Sybille opened her bag and took out a box. “There are some important documents inside that I brought for Codrin, but now I am no longer sure... I don’t want to carry them any further, so I will leave the box with you. I will come again in two months and then I will decide if we can trust him. Now I have to leave. I am sorry that I can’t stay overnight.”
Codrin emerged from a building jus
t as Sybille came close to the inner gate with her two guards. Wanderers, a thought spoke to him. “Stop them!” he shouted at the guards, and hurried over to Sybille, who sat astride her horse.
“Sybille is my cousin. There is no need to stop her,” Siena protested.
“Let’s talk inside,” Codrin said sharply. “Follow me,” he gestured to Sybille. “Your guards will wait here.”
“I will come too,” Siena said.
“Yes, you will come too.”
Inside what was now his office, Codrin closed the door after the two women entered. “Take a seat,” he gestured toward the empty chairs, and went to his own across the desk. “I understand that she is your cousin,” he stared at Siena, “but from now on, I want to know when a Wanderer comes to Poenari.”
“What make you think that she...?” Siena tried to ask, but Sybille stopped her.
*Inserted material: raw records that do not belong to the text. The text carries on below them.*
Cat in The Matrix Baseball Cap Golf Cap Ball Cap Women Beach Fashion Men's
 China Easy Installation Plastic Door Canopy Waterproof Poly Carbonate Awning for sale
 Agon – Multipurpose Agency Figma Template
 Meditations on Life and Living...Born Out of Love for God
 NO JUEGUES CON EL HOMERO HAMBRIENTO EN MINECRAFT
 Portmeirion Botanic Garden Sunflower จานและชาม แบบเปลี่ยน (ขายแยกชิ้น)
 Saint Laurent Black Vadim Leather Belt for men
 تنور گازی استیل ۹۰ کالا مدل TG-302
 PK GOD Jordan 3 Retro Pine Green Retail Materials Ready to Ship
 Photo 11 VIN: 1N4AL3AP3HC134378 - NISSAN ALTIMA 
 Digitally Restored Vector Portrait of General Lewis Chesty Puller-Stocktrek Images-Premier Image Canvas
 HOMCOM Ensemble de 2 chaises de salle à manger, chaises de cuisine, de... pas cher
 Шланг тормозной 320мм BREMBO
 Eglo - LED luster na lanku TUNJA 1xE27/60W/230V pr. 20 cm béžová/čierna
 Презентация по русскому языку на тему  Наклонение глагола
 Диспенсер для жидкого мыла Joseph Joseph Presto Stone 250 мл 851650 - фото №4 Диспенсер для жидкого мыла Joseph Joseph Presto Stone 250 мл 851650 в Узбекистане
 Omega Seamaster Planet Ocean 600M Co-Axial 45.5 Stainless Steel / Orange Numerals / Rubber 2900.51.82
“Are you afraid of the Wanderers?” Sybille stared at Codrin.
“Some of them tried to kill me at the end of the Spring, while another Wanderer is my friend. I suppose that you are Sybille.”
“Yes. Who tried to kill you?”
“Drusila.”
Sybille’s eyes narrowed, and she bit her lip. “Are you sure?”
“She kept saying that it was a misunderstanding, yet her nephew, Viler, provoked me into a duel to the death. It happened in Valeni, when the Circle and the Wanderers played a dirty game against Jara and Saliné. They even wanted to capture and kill Jara.”
“I don’t know much about the agreement between the Wanderers and the Circle and you that was made in Valeni, but maybe that duel was a misunderstanding; you carry a Wing Talisman.”
“There is not much trust between me and the Wanderers, so I returned it to Drusila. I still consider Dochia a friend.”
“How could you return a Wing Talisman? It’s a powerful thing.”
“Without trust, it means nothing to me. Dochia wrote me that you will bring something important.”
Sybille tried to answer, and she was now ready to give the books to him, when Mara entered the office. Codrin glanced at her.
“I will come back later,” Mara said and left the room.